%%
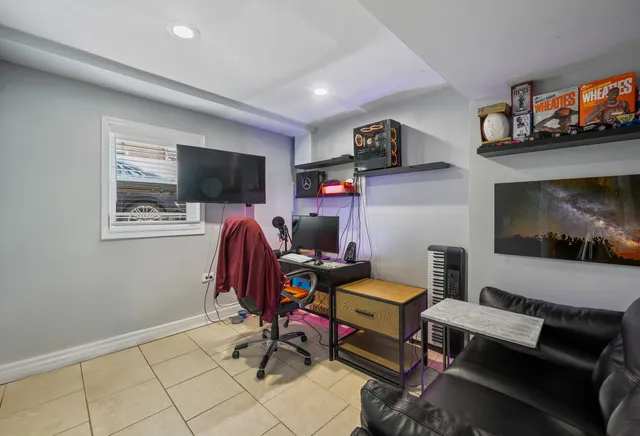 $625,000 | 8426 West Betty Terrace, Niles, IL 60714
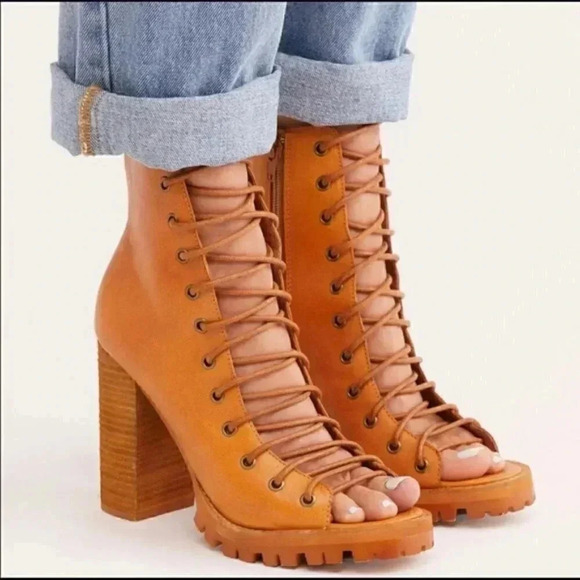 Free People women’s lace up heels. - Picture 2 of 5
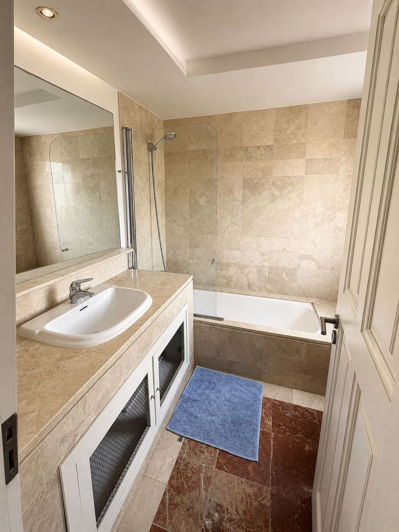 Image No.20-3 Bed Penthouse for sale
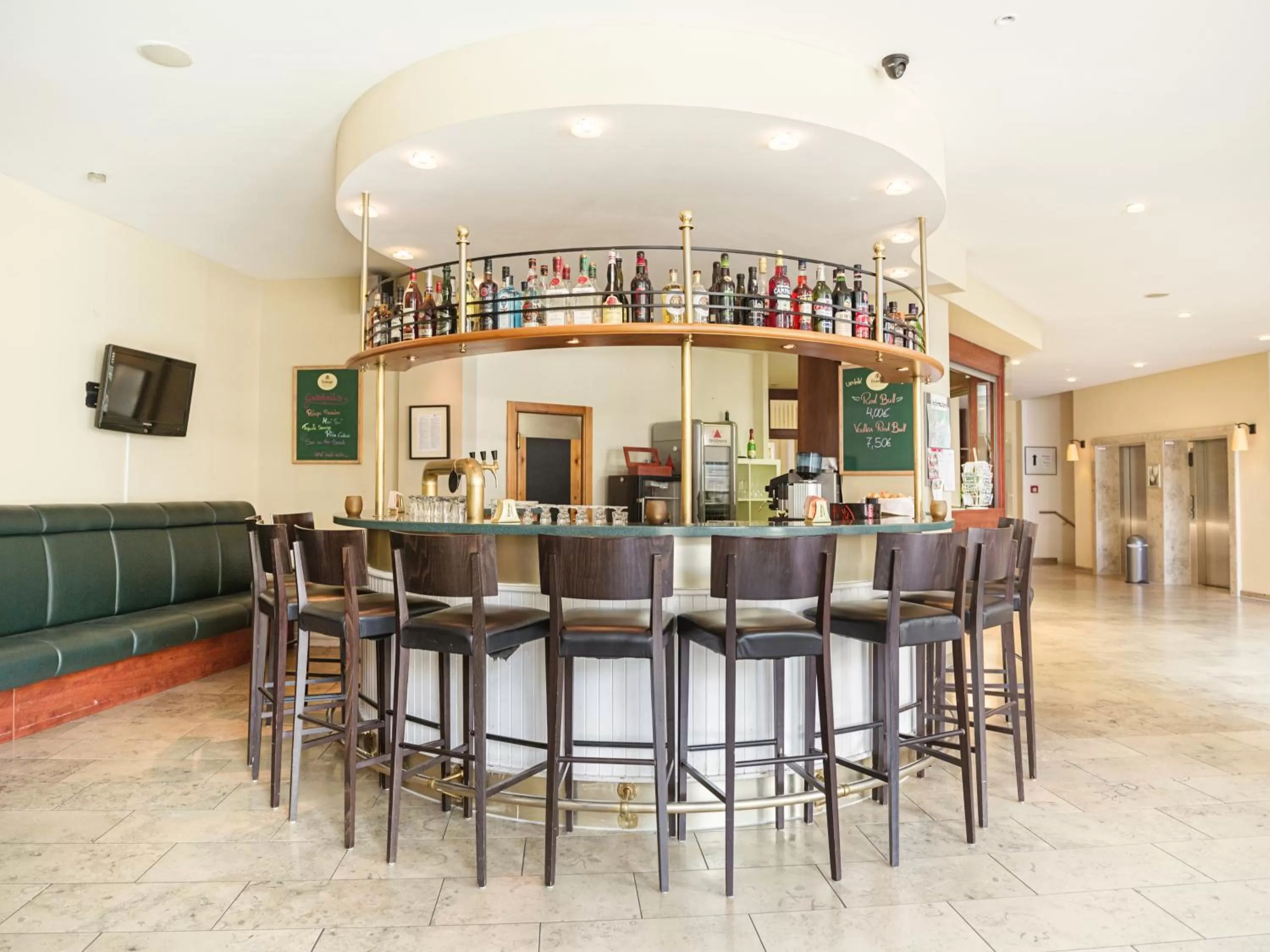 Lounge or bar in Hotel am Schloß Köpenick by Golden Tulip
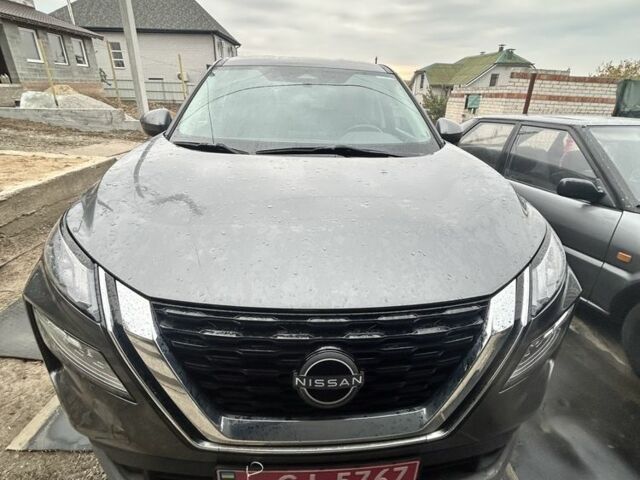 Сірий Ніссан Rogue, об'ємом двигуна 1.5 л та пробігом 82 тис. км за 22300 $, фото 1 на Automoto.ua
%%
● **Action item**:
Where the line holding "Lounge or bar" appears, start copying, and continue exactly through the last line of the listing, both ends included, skipping the pictures.

● **Output of the exercise**:
 Lounge or bar in Hotel am Schloß Köpenick by Golden Tulip
 Сірий Ніссан Rogue, об'ємом двигуна 1.5 л та пробігом 82 тис. км за 22300 $, фото 1 на Automoto.ua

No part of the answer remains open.